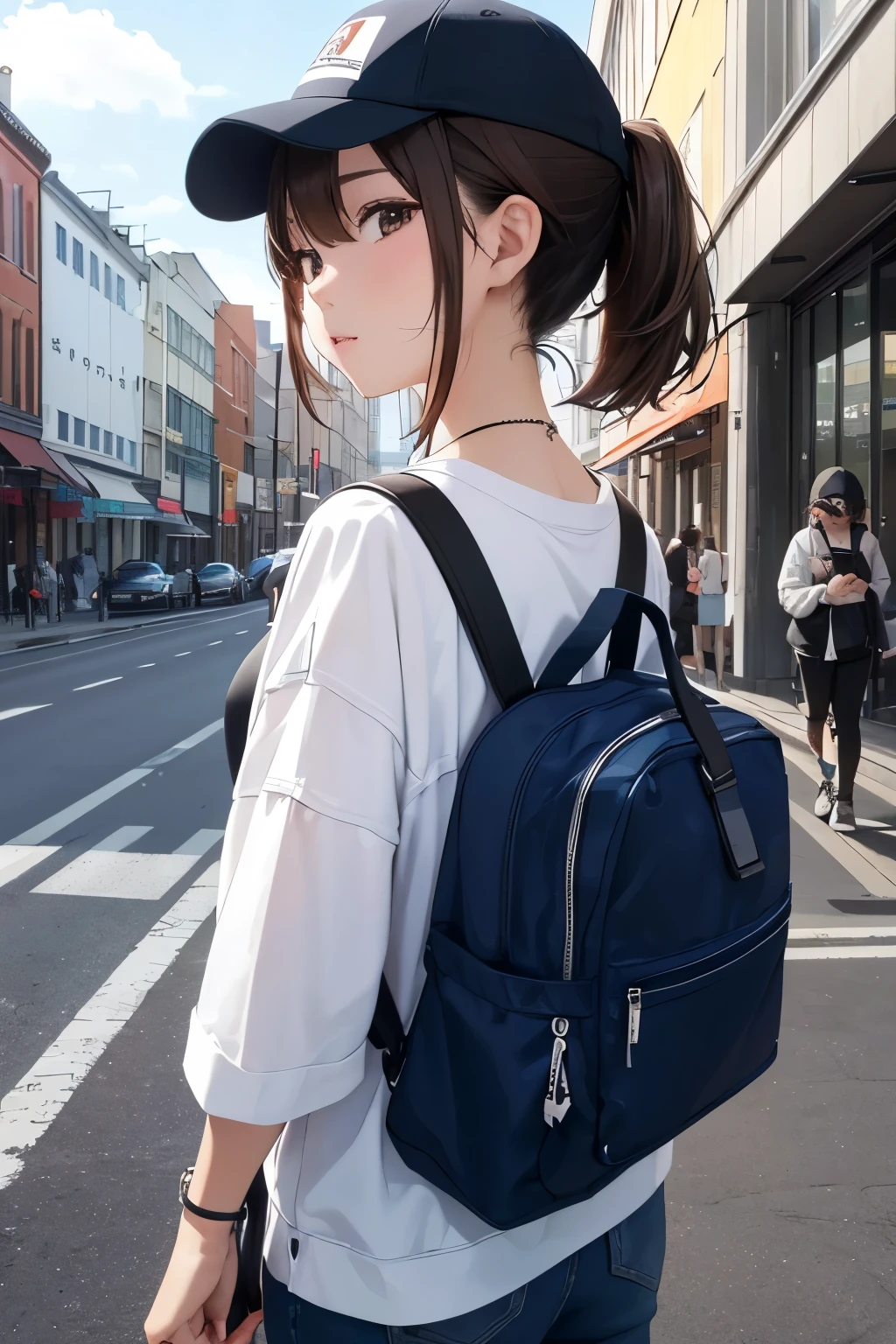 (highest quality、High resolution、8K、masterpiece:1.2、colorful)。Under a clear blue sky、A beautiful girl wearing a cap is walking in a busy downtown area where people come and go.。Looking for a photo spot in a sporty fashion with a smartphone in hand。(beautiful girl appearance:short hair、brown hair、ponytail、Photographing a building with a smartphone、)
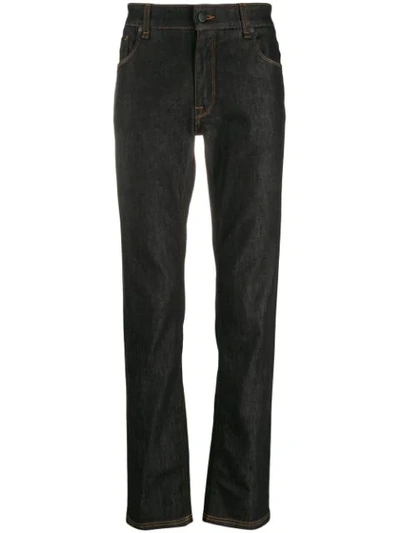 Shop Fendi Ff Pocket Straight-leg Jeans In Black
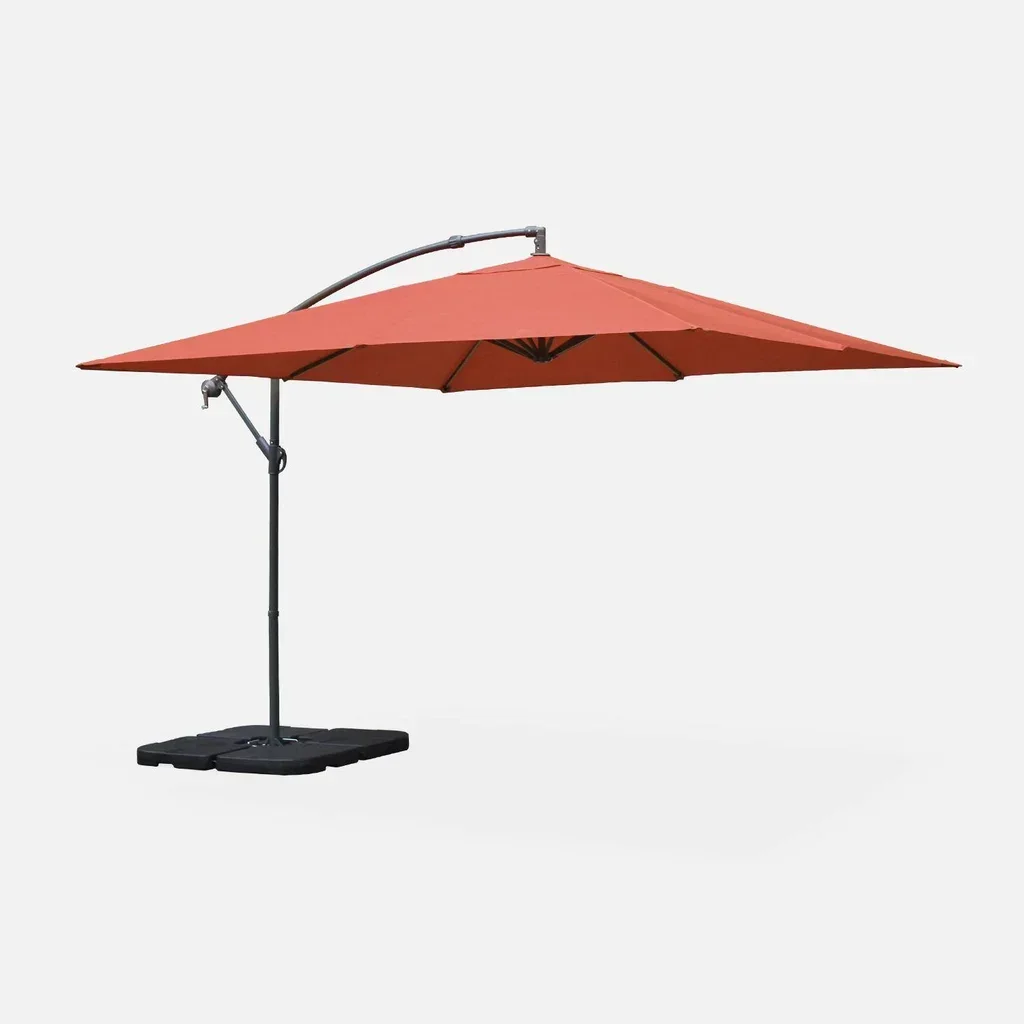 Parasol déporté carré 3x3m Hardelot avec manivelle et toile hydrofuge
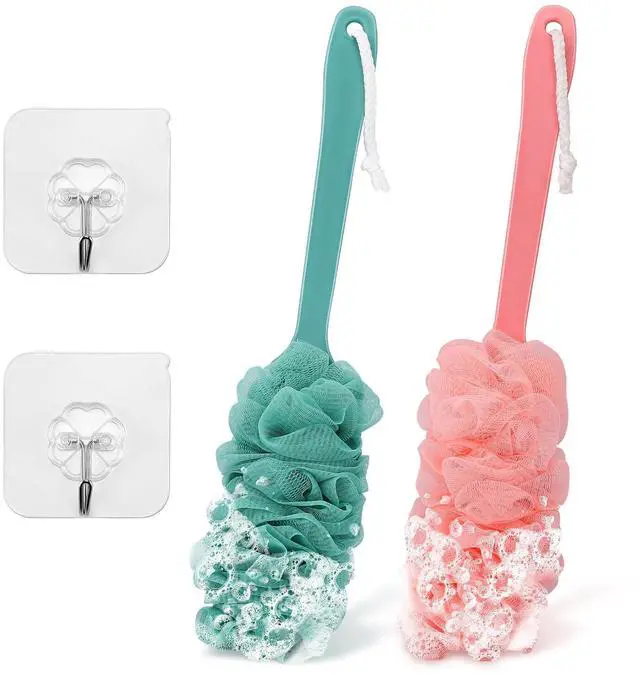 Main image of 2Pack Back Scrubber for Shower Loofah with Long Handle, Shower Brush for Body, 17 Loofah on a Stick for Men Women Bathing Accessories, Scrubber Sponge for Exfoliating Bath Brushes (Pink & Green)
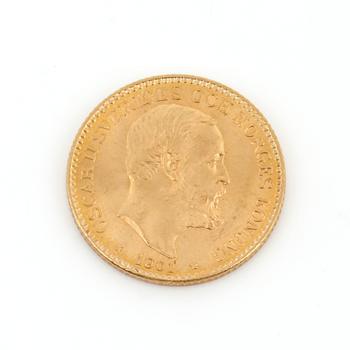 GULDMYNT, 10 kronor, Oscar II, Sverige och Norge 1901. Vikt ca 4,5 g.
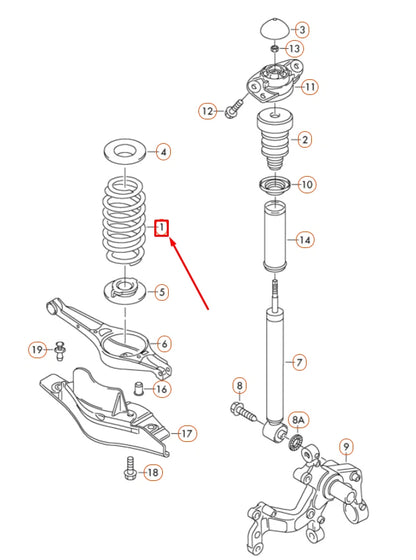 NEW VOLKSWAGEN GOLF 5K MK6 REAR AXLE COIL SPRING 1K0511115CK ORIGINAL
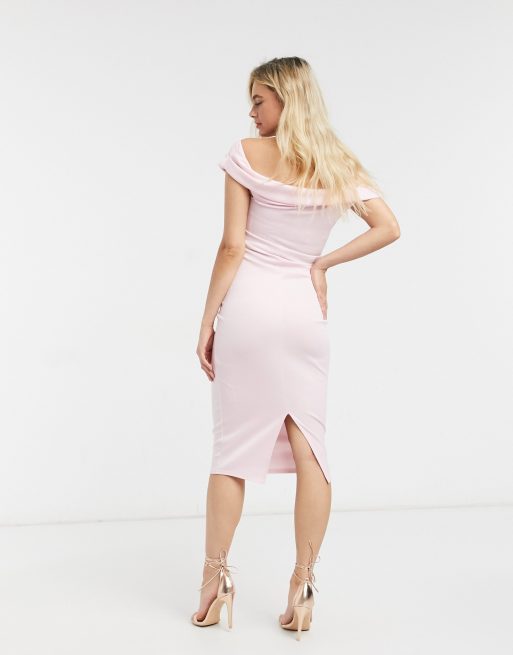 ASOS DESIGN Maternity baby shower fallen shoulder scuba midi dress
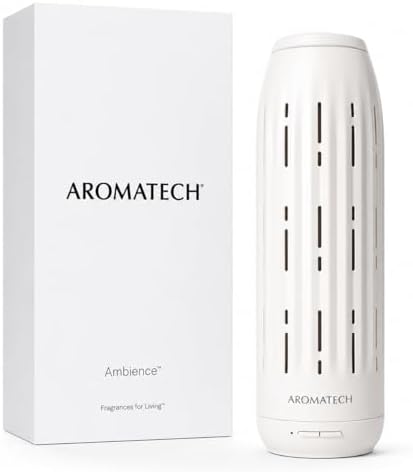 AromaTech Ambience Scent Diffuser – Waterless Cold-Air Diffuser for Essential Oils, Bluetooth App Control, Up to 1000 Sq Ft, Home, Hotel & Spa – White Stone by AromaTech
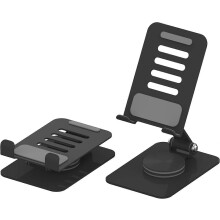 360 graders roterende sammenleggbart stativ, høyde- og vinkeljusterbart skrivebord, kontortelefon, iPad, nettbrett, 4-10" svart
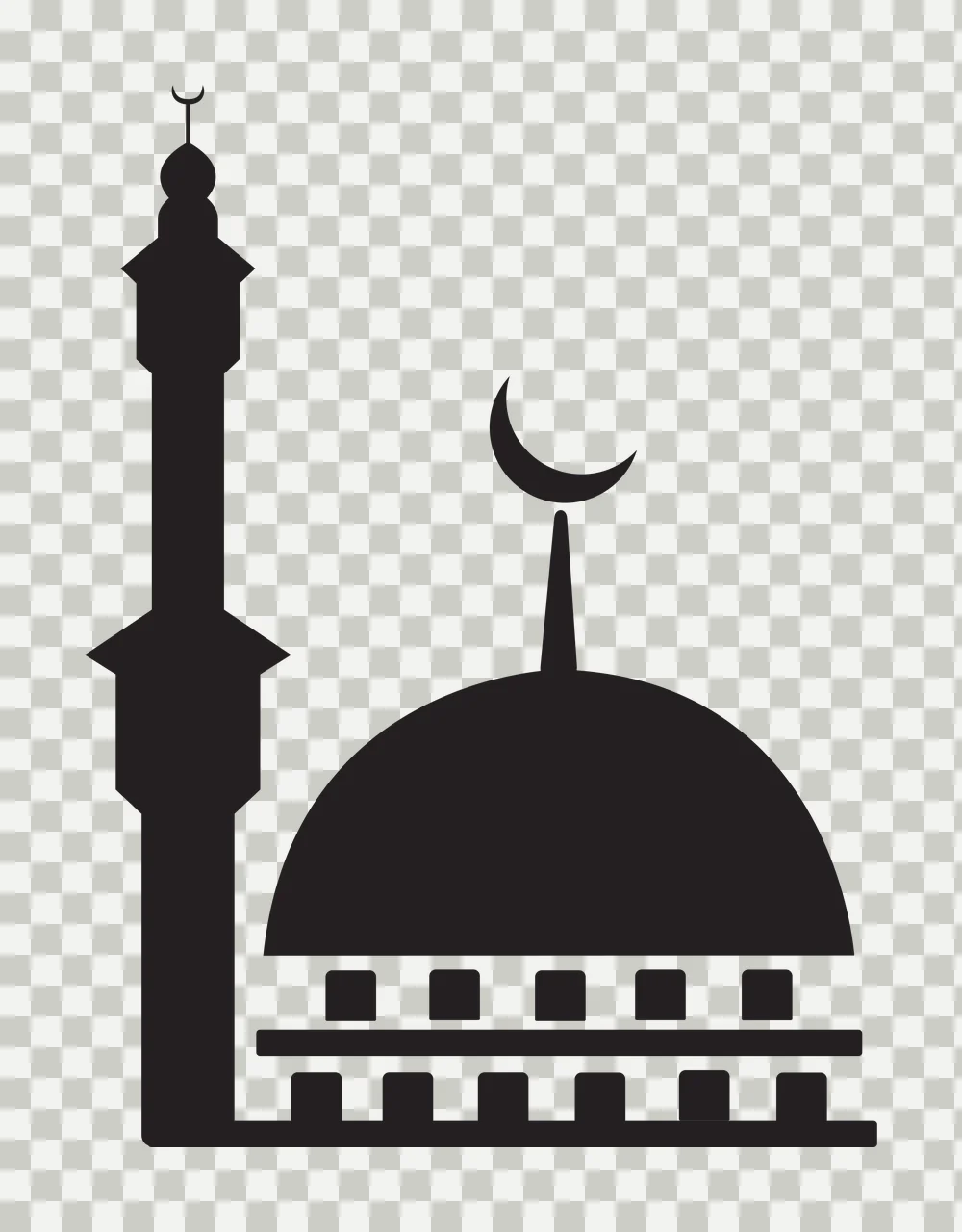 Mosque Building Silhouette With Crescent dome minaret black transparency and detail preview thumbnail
━━━━━━━━━━
» **Exercise**
Keep the pictures out of your copy. Copy only the lines from the line that holds "GULDMYNT, 10 kronor, Oscar" through the last line of the listing above, both included.

» **Exercise output**
 GULDMYNT, 10 kronor, Oscar II, Sverige och Norge 1901. Vikt ca 4,5 g.
 NEW VOLKSWAGEN GOLF 5K MK6 REAR AXLE COIL SPRING 1K0511115CK ORIGINAL
 ASOS DESIGN Maternity baby shower fallen shoulder scuba midi dress
 AromaTech Ambience Scent Diffuser – Waterless Cold-Air Diffuser for Essential Oils, Bluetooth App Control, Up to 1000 Sq Ft, Home, Hotel & Spa – White Stone by AromaTech
 360 graders roterende sammenleggbart stativ, høyde- og vinkeljusterbart skrivebord, kontortelefon, iPad, nettbrett, 4-10" svart
 Mosque Building Silhouette With Crescent dome minaret black transparency and detail preview thumbnail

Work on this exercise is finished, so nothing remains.